Technology Transitions Presentation (June 13, 2014)

I just returned from Bahrain. It’s a small island nation in the Persian Gulf. Last week it

was the gathering place for more than 165 nations at the Global Regulators Symposium held by

the International Telecommunications Union. We came together to discuss the future of

communications. At every session, in every conversation, and in every bilateral meeting, the

United States has a lot to offer. Our communications markets are dynamic and we have an

impressive history of getting service—getting copper wire—to everyone, no matter who they are,

or where they live. That democratic history of extending the reach of our networks to all is a

justifiable point of national pride.

But our world is changing. The digitization of our networks, our content, our commerce,

and our lives is well underway. The ways we connect, create, educate, entertain, and govern

ourselves will never be the same. If we want to further the potential of the digital age, we need

new communications architecture. But we should not simply discard on the scrap heap what

came before. Because the enduring values in our law that shaped our success in the past can also

shape our success in the future. So as we contemplate big, historic changes in infrastructure, our

work must be informed by the four basic values that have always been at the core of

communications policy—public safety, universal access, competition, and consumer protection.
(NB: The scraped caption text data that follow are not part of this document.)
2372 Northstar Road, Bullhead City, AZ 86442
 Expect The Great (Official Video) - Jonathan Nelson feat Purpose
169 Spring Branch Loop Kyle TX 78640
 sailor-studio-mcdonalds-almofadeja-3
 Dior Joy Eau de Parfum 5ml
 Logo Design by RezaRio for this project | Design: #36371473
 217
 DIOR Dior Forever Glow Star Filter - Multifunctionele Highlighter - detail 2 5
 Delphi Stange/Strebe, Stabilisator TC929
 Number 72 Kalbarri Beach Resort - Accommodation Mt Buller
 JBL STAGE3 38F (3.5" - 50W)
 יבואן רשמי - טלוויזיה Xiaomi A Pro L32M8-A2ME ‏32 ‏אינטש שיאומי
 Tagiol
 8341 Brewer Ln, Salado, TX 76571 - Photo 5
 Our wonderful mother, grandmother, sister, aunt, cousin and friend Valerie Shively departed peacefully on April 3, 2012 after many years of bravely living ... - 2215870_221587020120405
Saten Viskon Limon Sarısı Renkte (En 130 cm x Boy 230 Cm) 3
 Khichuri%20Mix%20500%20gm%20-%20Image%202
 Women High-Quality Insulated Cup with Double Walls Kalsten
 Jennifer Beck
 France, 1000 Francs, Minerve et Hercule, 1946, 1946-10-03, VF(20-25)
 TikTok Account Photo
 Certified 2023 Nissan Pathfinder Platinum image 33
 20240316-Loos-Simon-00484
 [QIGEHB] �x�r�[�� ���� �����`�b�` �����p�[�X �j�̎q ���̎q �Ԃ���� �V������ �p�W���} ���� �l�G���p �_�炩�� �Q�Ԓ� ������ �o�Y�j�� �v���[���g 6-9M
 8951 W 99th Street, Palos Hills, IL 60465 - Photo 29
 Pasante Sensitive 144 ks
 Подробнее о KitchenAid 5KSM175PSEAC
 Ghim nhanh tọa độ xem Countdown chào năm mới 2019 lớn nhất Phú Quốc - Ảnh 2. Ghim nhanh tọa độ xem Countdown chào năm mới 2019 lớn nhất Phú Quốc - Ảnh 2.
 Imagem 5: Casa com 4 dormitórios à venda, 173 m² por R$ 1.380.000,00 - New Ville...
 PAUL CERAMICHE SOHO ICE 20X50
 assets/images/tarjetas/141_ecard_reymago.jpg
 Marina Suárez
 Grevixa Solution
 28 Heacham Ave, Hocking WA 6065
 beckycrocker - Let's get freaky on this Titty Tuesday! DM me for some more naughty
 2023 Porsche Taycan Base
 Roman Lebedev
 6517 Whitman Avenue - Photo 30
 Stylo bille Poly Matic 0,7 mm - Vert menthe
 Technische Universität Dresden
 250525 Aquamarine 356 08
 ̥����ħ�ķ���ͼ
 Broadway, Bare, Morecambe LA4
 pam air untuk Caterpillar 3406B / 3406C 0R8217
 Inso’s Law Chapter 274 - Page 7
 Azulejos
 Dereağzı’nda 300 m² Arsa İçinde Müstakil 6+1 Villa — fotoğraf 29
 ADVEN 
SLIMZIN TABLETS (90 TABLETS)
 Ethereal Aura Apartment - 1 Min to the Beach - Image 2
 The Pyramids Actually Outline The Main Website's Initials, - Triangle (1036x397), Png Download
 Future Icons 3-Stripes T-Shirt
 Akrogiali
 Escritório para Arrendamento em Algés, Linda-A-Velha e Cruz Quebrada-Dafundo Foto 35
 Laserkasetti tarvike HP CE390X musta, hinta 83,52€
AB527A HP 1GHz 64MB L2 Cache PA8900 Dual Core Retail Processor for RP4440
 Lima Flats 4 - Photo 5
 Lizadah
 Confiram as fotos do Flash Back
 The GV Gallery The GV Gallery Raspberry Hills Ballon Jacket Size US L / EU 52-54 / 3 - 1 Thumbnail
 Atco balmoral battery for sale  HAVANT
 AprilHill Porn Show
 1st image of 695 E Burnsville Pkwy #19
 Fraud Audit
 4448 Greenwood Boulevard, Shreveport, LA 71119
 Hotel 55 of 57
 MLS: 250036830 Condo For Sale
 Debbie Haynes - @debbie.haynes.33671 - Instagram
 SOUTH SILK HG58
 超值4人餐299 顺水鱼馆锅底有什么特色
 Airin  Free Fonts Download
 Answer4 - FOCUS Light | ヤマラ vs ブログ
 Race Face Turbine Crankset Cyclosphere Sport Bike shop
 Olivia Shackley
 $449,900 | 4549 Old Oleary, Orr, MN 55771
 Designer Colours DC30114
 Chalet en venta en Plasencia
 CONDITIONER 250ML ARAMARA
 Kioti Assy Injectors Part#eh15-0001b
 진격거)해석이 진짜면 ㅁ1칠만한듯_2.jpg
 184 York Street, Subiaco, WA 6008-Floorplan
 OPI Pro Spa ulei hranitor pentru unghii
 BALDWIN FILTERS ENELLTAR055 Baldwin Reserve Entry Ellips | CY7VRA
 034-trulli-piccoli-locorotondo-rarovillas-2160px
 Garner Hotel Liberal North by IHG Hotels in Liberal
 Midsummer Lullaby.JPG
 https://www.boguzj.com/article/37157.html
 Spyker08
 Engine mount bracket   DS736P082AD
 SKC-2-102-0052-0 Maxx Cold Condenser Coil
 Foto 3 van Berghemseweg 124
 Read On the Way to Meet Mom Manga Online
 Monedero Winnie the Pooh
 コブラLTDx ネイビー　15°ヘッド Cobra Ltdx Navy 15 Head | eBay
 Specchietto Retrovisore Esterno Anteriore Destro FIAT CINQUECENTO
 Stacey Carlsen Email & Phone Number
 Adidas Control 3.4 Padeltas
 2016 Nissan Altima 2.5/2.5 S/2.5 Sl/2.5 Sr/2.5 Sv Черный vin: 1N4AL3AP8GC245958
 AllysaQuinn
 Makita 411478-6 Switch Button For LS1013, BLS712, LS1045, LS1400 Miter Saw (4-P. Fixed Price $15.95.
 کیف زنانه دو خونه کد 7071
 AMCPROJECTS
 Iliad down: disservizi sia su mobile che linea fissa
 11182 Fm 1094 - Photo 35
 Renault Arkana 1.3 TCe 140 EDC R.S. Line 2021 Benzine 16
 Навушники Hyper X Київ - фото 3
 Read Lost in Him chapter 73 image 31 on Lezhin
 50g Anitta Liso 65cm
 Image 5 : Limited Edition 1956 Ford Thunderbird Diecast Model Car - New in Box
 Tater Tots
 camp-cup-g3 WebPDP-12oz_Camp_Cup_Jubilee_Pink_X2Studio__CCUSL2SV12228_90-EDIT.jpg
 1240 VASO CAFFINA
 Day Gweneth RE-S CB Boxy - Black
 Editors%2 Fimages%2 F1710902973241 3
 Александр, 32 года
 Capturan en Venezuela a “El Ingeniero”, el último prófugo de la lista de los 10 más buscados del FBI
I appreciate that the Wireline Competition Bureau and the Chairman have made these values the

essential guideposts in the service-based experiments we discuss today. I think they should be at

the core of everything we do.

Now from the lofty to the local, what lies ahead are some test cases in Alabama and

Florida. These are our sandboxes. They are small, contained trials that will let us test the

consequences of our policy choices—and the impact they have on consumers.

I hope we can

learn from these trials, refine our rules, and identify the best way to foster the further deployment

of networks that will create new possibilities for all in the digital age. While the world watches,

our proud history guides us—but our eyes are firmly on the future.